Liberty Steel’s Rotherham plant set to restart amid soaring energy prices
A file phot of Rotherham’s steel plant. (Photo by Christopher Furlong/Getty Images)
LIBERTY Steel UK is set to resume its operations at its Rotherham plant later this month as GFG Alliance is infusing £50 million into it.
The fresh capital injection into the steel company through the group’s new entity Liberty Capital comes amid soaring energy prices, which manufacturers fear, could force a shutdown of industries.
GFG’s executive chairman Sanjeev Gupta said the funding will allow time to prove the plant’s operations can run efficiently which “will enable us to finalise longer debt restructuring”.

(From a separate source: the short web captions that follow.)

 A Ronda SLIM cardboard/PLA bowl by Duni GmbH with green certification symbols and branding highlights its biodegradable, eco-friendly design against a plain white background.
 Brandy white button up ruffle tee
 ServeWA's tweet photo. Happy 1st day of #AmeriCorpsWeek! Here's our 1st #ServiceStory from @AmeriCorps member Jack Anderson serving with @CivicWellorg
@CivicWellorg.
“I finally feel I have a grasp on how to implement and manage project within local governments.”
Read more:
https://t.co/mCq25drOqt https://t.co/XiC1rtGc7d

A resumption of operations at the green steel plant will pave the way for the return of its hundreds of workers who have been on furlough since the spring when the facility was shut.
AFG said in a statement on Sunday (10) that the production ramp-up “will commence in October 2021 with a plan to reach 50,000 tons per month as soon as possible”.

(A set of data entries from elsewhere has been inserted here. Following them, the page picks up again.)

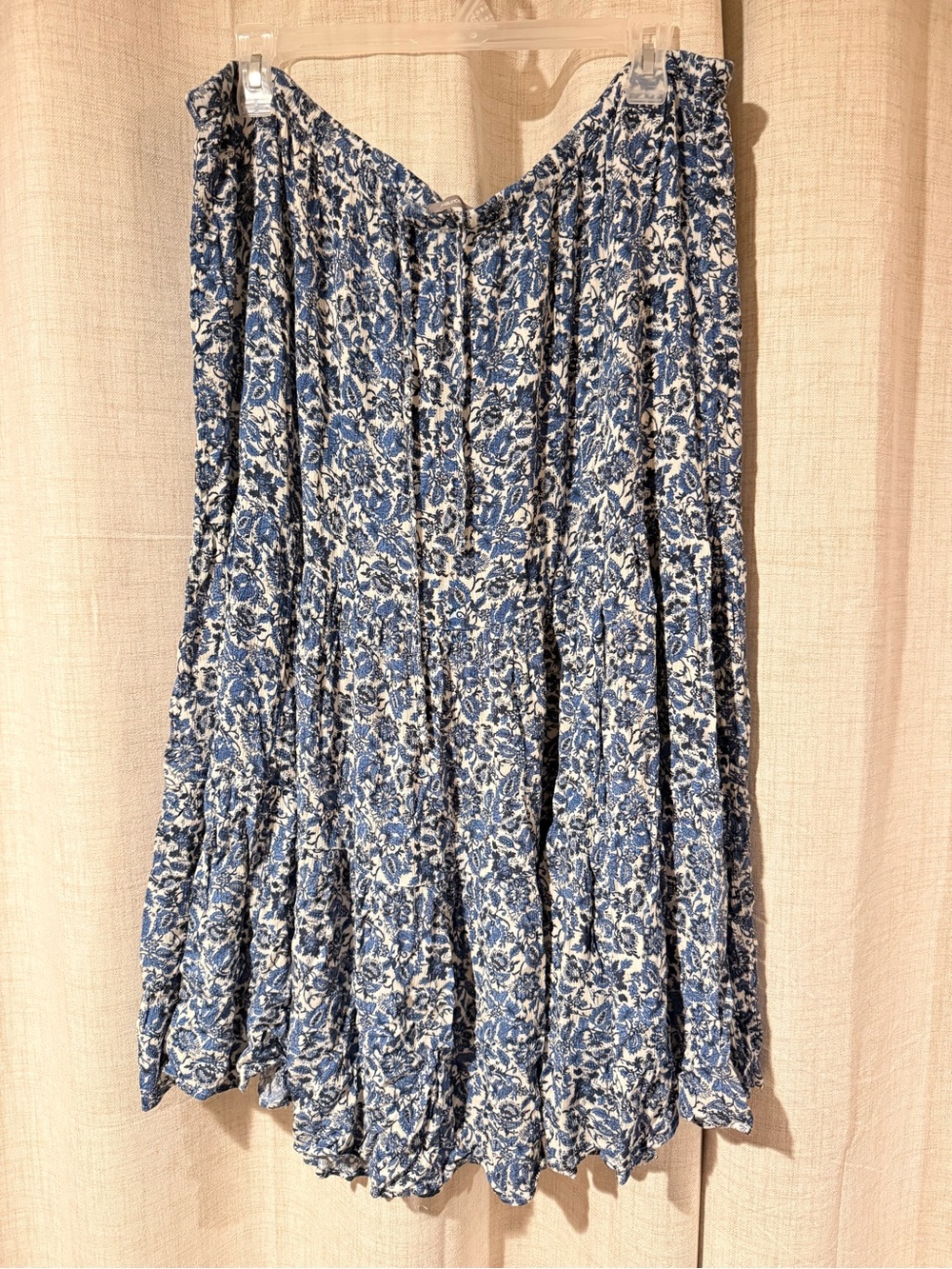 Maurices Blue and White Floral Circle Skirt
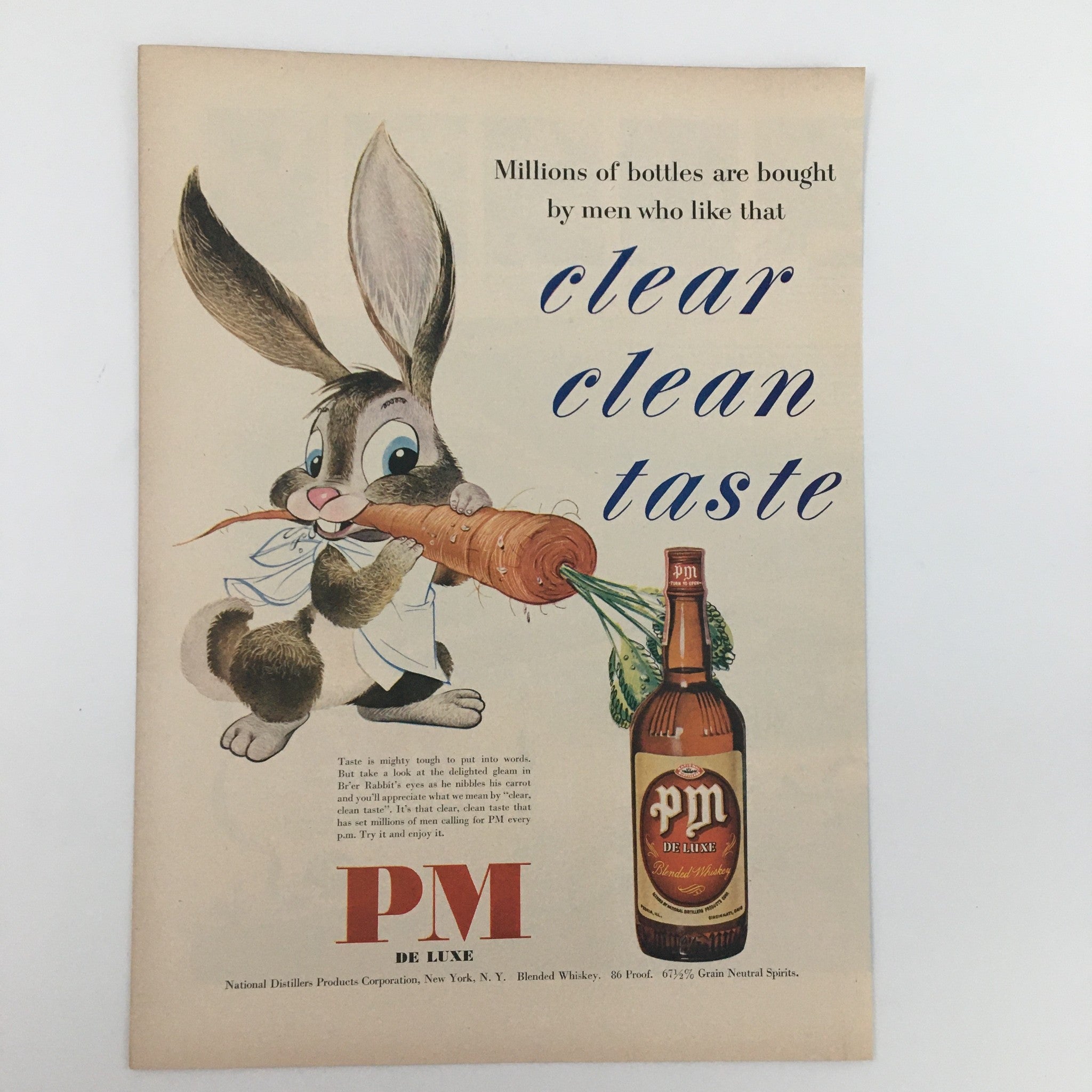 1950 PM De Luxe Blended Whiskey 86 Proof Vintage Print Ad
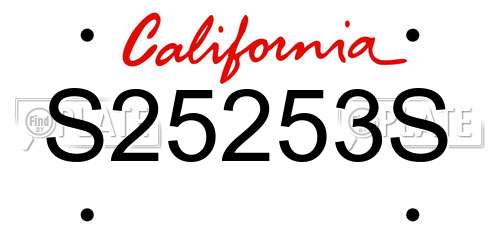 S25253S California License Plate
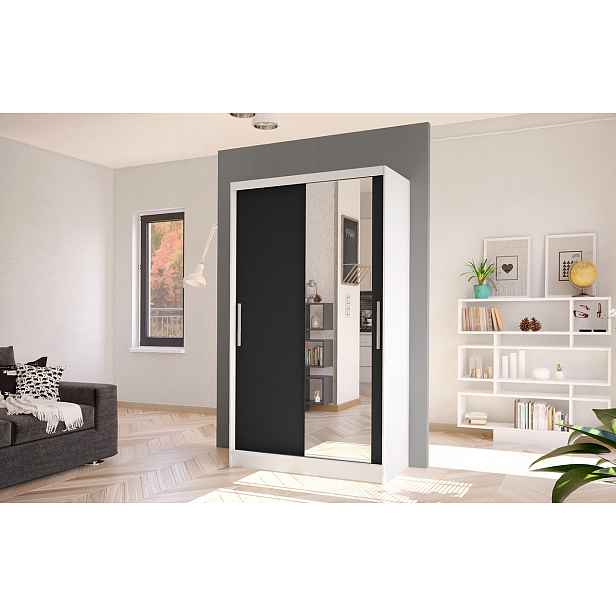 Moderní šatní skříň BRUNO 6 - šířka 100 cm, bílá / černá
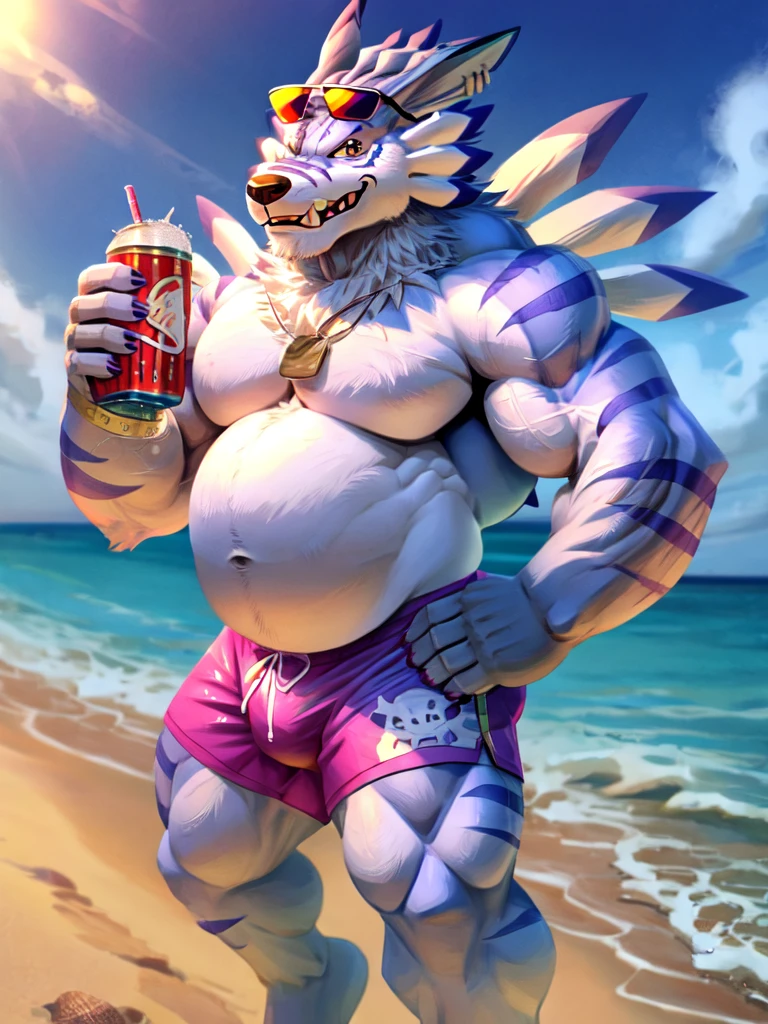 solo, weregarurumon, muscular, muscle gut, round belly, sunglasses on head, shirtless, swim shorts, holding soda, beach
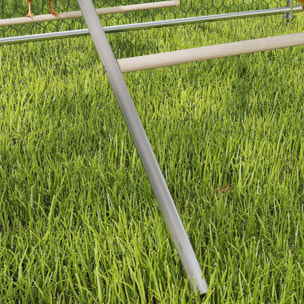 Perchoir balançoire pour poule - aire de jeu chicken activity - 150 x 82 x 110 cm - acier chromé bois verni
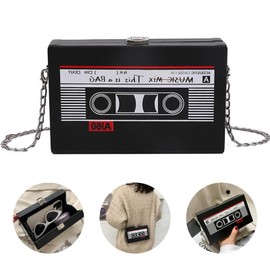 YushengTai 90s Slanted Shoulder Bag Radio Back to The 80s Outfit Women's Chain Bag Handbag 90s Accessories 90s Party, black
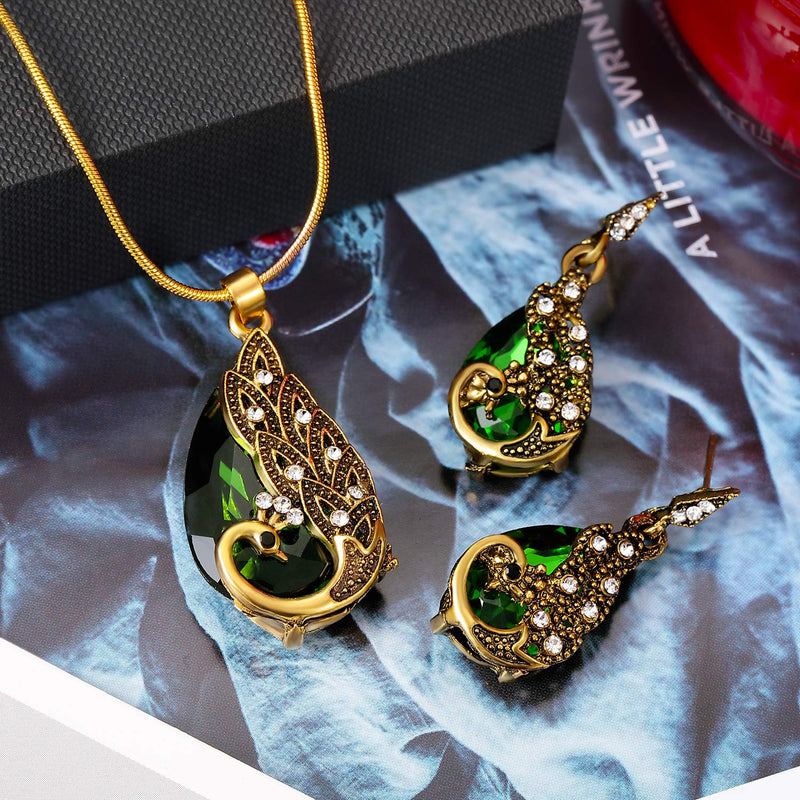 [Australia] - Hicarer 6 Pieces Women Elegant Necklace Set Peacock Waterdrop Rhinestone Pendant Necklace Crystal Peacock Pattern Earrings Jewelry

GFG, which ran into serious financial difficulties after the collapse of its main lender Greensill Capital in March, also announced a deal with Credit Suisse Asset Management to restructure the debts of Liberty’s Australian unit.

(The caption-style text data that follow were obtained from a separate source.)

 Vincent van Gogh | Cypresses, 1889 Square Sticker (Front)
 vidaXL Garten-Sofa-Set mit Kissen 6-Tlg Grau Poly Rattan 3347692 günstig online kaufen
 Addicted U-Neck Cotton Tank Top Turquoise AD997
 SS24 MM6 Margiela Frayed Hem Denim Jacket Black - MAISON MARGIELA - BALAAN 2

Liberty Primary Metals Australia (LPMA) comprises integrated mining and primary steel businesses at Whyalla and its coking coal mine at Tahmoor.
GFG claimed the deal will provide a stable financial platform for its Australian business and “secures a recovery plan for creditors.”
While the improved business will enable it to make “a substantial” upfront payment to Greensill Bank and Credit Suisse, the balance will be paid in instalments “through the amended maturity date of June 2023”, it said.
Although steel prices are near the all-time high, manufactures are hit hard by firm energy prices.
Wholesale gas prices have increased 400 per cent this year in Europe, partly due to low stocks and strong demand from Asia, putting particular pressure on energy-intensive industries.
In Britain, secretary of state for business Kwasi Kwarteng submitted a formal bid to the treasury for assistance to help industries affected by high energy prices, the BBC reported on Monday (11).
The move came on the back of Kwarteng’s reported statement last month that the high gas prices were a blip and that the weather would soon change, helping wind turbines generate more power.
The UK’s steel industry lobby warned on Monday (11) that an impending crisis due to soaring wholesale energy prices could force plants into expensive shutdowns and sow chaos through supply chains.
A shortage of natural gas in Europe had sent prices for electricity and gas soaring, triggering sharp rises in the prices paid by people heating their homes or for major heavy industrial plants smelting steel.
“These extraordinary electricity prices are leading to smaller or wiped-out profits and thus to less reinvestment,” UK Steel, which lobbies on behalf of the British steel industry, said in a briefing document.
UK Steel said some plants may have to shutter their production “for increasingly extended periods with the consequences not only for individual companies but also UK steel supply to the UK economy and UK jobs.”